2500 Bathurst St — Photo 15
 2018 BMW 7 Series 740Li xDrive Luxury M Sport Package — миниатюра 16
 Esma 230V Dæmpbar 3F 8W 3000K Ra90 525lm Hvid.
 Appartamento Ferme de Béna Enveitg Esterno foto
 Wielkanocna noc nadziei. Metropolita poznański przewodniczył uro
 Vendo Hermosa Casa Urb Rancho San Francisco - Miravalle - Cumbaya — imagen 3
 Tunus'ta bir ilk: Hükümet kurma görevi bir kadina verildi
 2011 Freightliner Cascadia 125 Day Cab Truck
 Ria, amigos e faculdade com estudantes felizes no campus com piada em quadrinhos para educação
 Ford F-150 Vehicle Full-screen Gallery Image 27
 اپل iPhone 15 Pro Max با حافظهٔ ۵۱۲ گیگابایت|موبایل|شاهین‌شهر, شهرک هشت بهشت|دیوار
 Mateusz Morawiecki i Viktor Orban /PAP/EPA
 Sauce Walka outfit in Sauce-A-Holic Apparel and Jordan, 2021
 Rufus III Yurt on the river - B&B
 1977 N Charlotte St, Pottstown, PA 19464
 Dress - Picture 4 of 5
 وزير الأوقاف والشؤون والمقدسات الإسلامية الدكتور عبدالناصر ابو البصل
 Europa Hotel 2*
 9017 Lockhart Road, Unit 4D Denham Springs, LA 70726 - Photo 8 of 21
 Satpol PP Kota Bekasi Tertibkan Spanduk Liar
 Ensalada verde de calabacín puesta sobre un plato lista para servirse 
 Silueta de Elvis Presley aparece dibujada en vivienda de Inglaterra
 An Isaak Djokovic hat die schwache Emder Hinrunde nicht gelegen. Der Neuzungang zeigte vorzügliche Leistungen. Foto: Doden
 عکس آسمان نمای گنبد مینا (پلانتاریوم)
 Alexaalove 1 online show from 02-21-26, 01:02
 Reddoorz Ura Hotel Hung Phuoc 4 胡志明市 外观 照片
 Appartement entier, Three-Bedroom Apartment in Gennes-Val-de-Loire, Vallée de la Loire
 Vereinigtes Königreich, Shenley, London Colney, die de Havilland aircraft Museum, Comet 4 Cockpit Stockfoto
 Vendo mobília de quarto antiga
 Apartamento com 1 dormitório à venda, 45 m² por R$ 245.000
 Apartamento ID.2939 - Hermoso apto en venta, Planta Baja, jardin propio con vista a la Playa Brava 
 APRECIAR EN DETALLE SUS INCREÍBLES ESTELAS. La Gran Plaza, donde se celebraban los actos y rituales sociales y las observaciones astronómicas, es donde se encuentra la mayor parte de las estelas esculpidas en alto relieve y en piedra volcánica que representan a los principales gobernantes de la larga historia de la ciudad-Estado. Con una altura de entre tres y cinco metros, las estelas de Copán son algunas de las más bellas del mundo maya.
* * * * * * * * *
_PROBLEM STATEMENT_
In the listing above, transcribe exactly everything from the line containing "1977 N Charlotte St, Pottstown, PA 19464" down to the line containing "Apartamento com 1", including both and nothing more.

_OUTPUT FOR THIS EXERCISE_
 1977 N Charlotte St, Pottstown, PA 19464
 Dress - Picture 4 of 5
 وزير الأوقاف والشؤون والمقدسات الإسلامية الدكتور عبدالناصر ابو البصل
 Europa Hotel 2*
 9017 Lockhart Road, Unit 4D Denham Springs, LA 70726 - Photo 8 of 21
 Satpol PP Kota Bekasi Tertibkan Spanduk Liar
 Ensalada verde de calabacín puesta sobre un plato lista para servirse 
 Silueta de Elvis Presley aparece dibujada en vivienda de Inglaterra
 An Isaak Djokovic hat die schwache Emder Hinrunde nicht gelegen. Der Neuzungang zeigte vorzügliche Leistungen. Foto: Doden
 عکس آسمان نمای گنبد مینا (پلانتاریوم)
 Alexaalove 1 online show from 02-21-26, 01:02
 Reddoorz Ura Hotel Hung Phuoc 4 胡志明市 外观 照片
 Appartement entier, Three-Bedroom Apartment in Gennes-Val-de-Loire, Vallée de la Loire
 Vereinigtes Königreich, Shenley, London Colney, die de Havilland aircraft Museum, Comet 4 Cockpit Stockfoto
 Vendo mobília de quarto antiga
 Apartamento com 1 dormitório à venda, 45 m² por R$ 245.000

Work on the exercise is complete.